ENTRIES SUPPLIED:

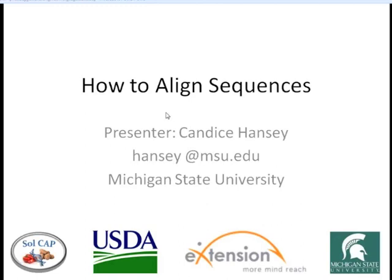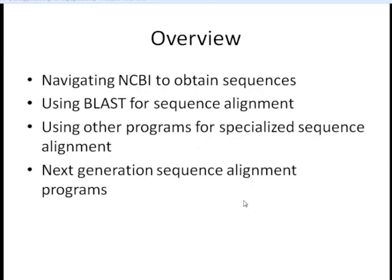Thanks, Heather. The seminar today is going to be broken down into four parts. First, we're going to look at how to navigate through NCBI to obtain sequences for our alignment. Next, we'll go through the theory and how to use BLAST in a web interface. We'll then go through a few specialized sequence alignment scenarios and programs for those. And then we'll finish up with talking about next-generation sequence technologies and the programs available for aligning those sequences.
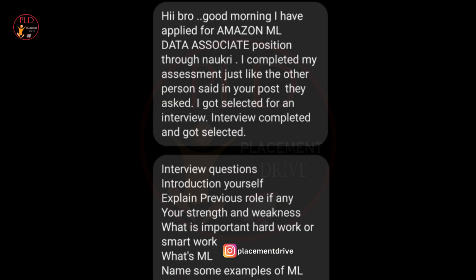The interview started with the introduction — the candidate introduced themselves and discussed their previous role if applicable, highlighting their strengths and weaknesses. The second question covered work ethic: a discussion on the importance of hard work versus smart work, assessing the candidate's approach to productivity.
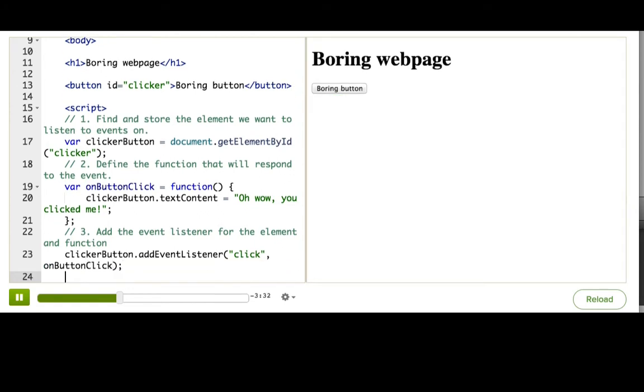Now, pause this talkthrough and click the button. Did it work? I hope so. It worked for me.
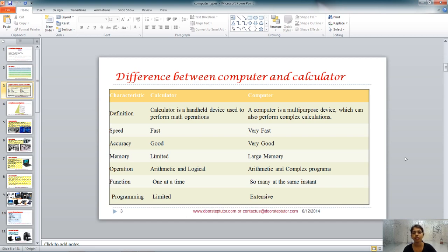By definition, a calculator is just a handheld device to do math operations and some scientific math operations. On the other hand, a computer is a multi-purpose device which performs the functions of a calculator, does complex calculations which are impossible on a calculator, and so many other things — which you know better because you use a computer every day.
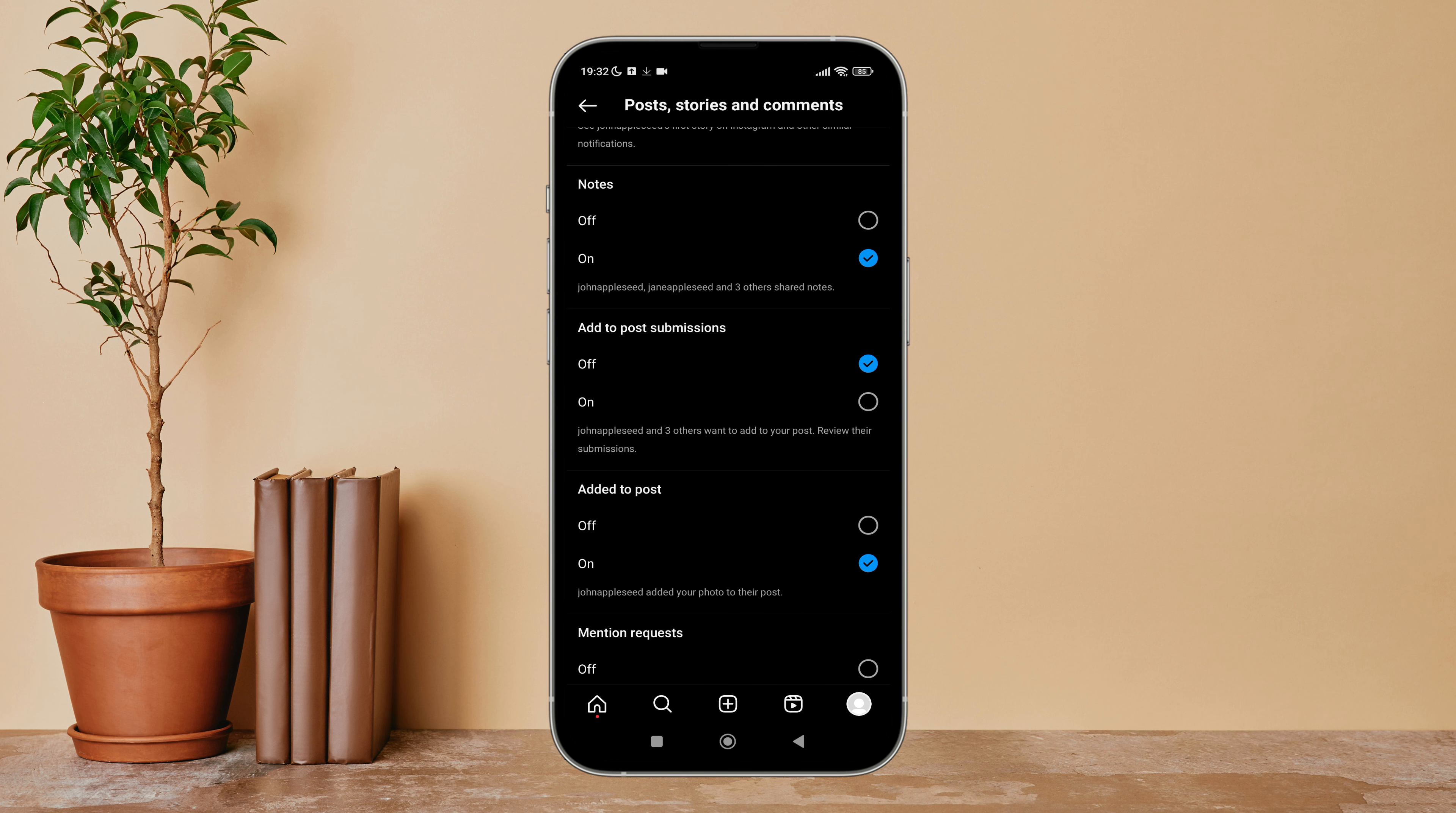So this is how you can turn off add to post submissions on Instagram. Thanks for watching.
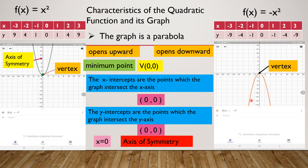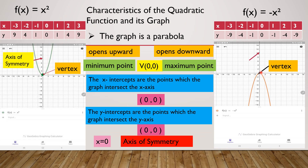The vertex is still at (0, 0), and that point is now the maximum point. Why? Because the rest of the graph goes down, so the other points are lower than this vertex point. The x-intercepts are the same — the graph crosses the x-axis at (0, 0). The y-intercept is also at (0, 0). The axis of symmetry is still the y-axis — it's a vertical line that splits the graph into a mirror image — and that is x = 0.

WHAT YOU ARE ASKED TO DO:
When a line carries an image, skip the image and repeat everything else above exactly as written.

SOLUTION TO THIS EXERCISE:
Thanks, Heather. The seminar today is going to be broken down into four parts. First, we're going to look at how to navigate through NCBI to obtain sequences for our alignment. Next, we'll go through the theory and how to use BLAST in a web interface. We'll then go through a few specialized sequence alignment scenarios and programs for those. And then we'll finish up with talking about next-generation sequence technologies and the programs available for aligning those sequences.
The interview started with the introduction — the candidate introduced themselves and discussed their previous role if applicable, highlighting their strengths and weaknesses. The second question covered work ethic: a discussion on the importance of hard work versus smart work, assessing the candidate's approach to productivity.
Now, pause this talkthrough and click the button. Did it work? I hope so. It worked for me.
By definition, a calculator is just a handheld device to do math operations and some scientific math operations. On the other hand, a computer is a multi-purpose device which performs the functions of a calculator, does complex calculations which are impossible on a calculator, and so many other things — which you know better because you use a computer every day.
So this is how you can turn off add to post submissions on Instagram. Thanks for watching.
The vertex is still at (0, 0), and that point is now the maximum point. Why? Because the rest of the graph goes down, so the other points are lower than this vertex point. The x-intercepts are the same — the graph crosses the x-axis at (0, 0). The y-intercept is also at (0, 0). The axis of symmetry is still the y-axis — it's a vertical line that splits the graph into a mirror image — and that is x = 0.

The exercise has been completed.